Nah, suatu hari saya membeli buku Jaring-jaring Kehidupan Pritjof Capra, dan saya yakin karena di bawah sadar saya pernah tertanam gambar jaring-jaring kehidupan dalam pelajaran-pelajaran IPA, sehingga saya percaya bahwa buku tersebut pasti akan menggunakan kata ‘alam’, ‘hewan’, ‘tumbuhan’, ‘manusia’, ‘organisme’ dan berbagai kata selingkung ‘jaring-jaring’ lainnya. Membeli buku pun rupanya dorongan condro. Ketika saya pertama kali membacanya, saat itulah saya pertama kali membaca diskusi mendalam tentang ekologi pada bab-bab awalnya. Dan karena saya tidak pernah punya latar belakang belajar ekologi, maka tema ini tidak menantang saya untuk memikirkannya hingga buku Capra itu terbengkalai.

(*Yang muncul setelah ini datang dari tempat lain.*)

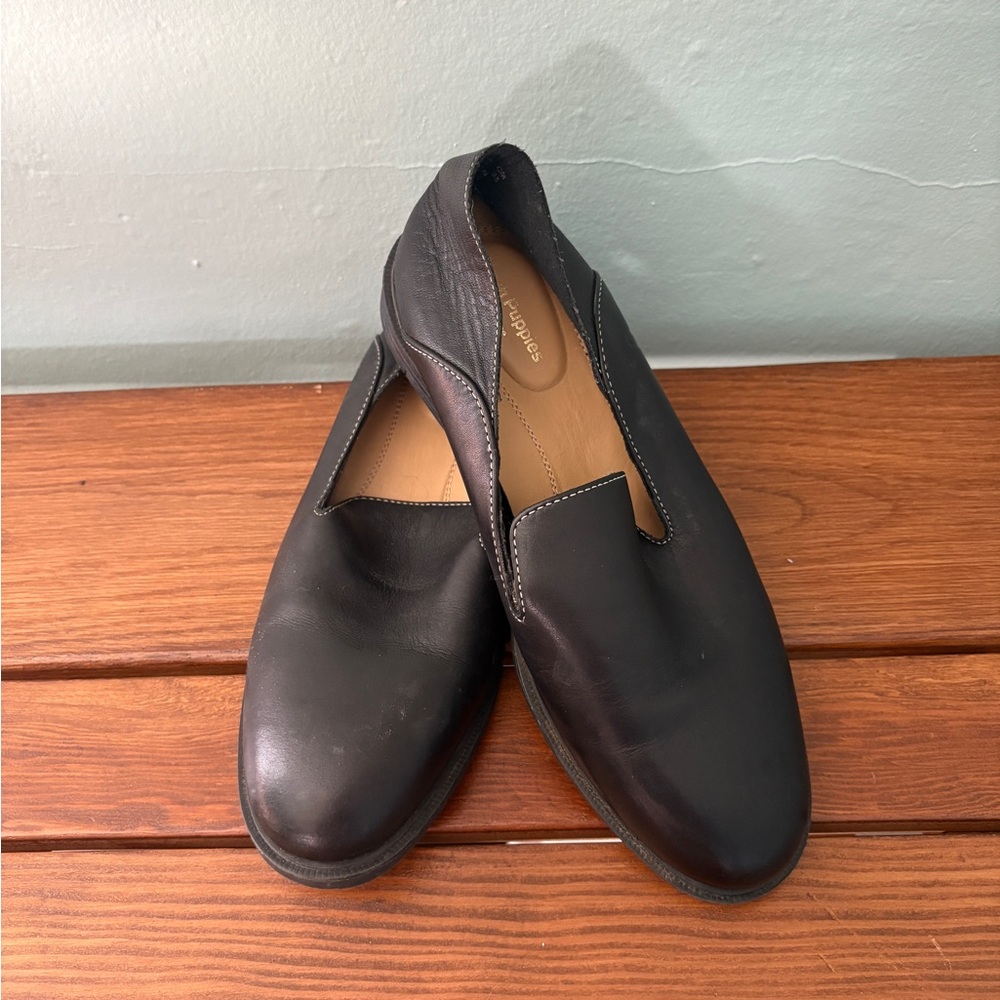 Hush Puppies Black Leather Loafers for Men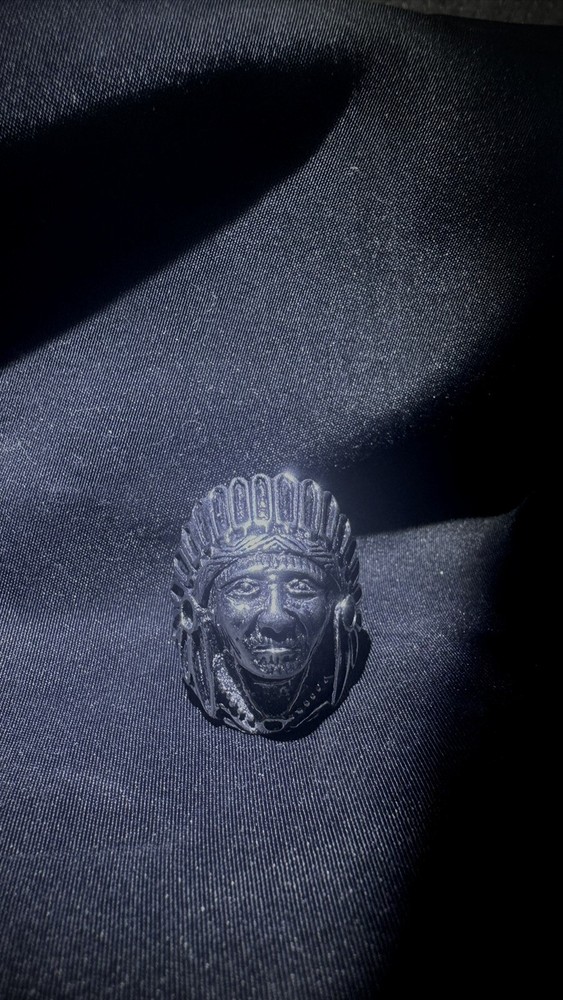 LINSION Indian Chief Ring Mens Cupronickel Biker Rock Punk Ring  US 7-15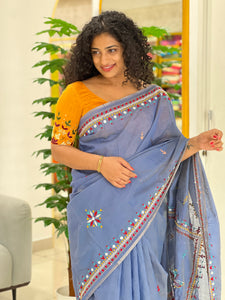 Hand Embroidery Chanderi Saree | RP524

Tapi, ketika suatu hari saya masuk S3 di Unpad dan belajar dengan Prof Aquarini, berkali-kalilah saya mendengar kata ekofeminisme dari profesor bidang kajian gender tersebut yang membuat saya membuka lagi buku Capra yang sisi-sisinya mulai menghitam. Barulah saya sadar bahwa condro itu membimbing saya ke masa lalu sekaligus membantu saya memahami hari ini, dan hari ini akan menyiapkan condro buat masa depan. Ingin rasanya saya bertemu Marjaka dan memeluknya untuk mengucapkan terima kasih, bahwa ia pun merupakan condro saya untuk memahami condro itu sendiri pada jarak waktu yang begini jauhnya (kami kuliah tahun 2008 dan sekarang sudah tahun 2020—masya Allah, 12 tahun sudah saya belajar filsafat condro!).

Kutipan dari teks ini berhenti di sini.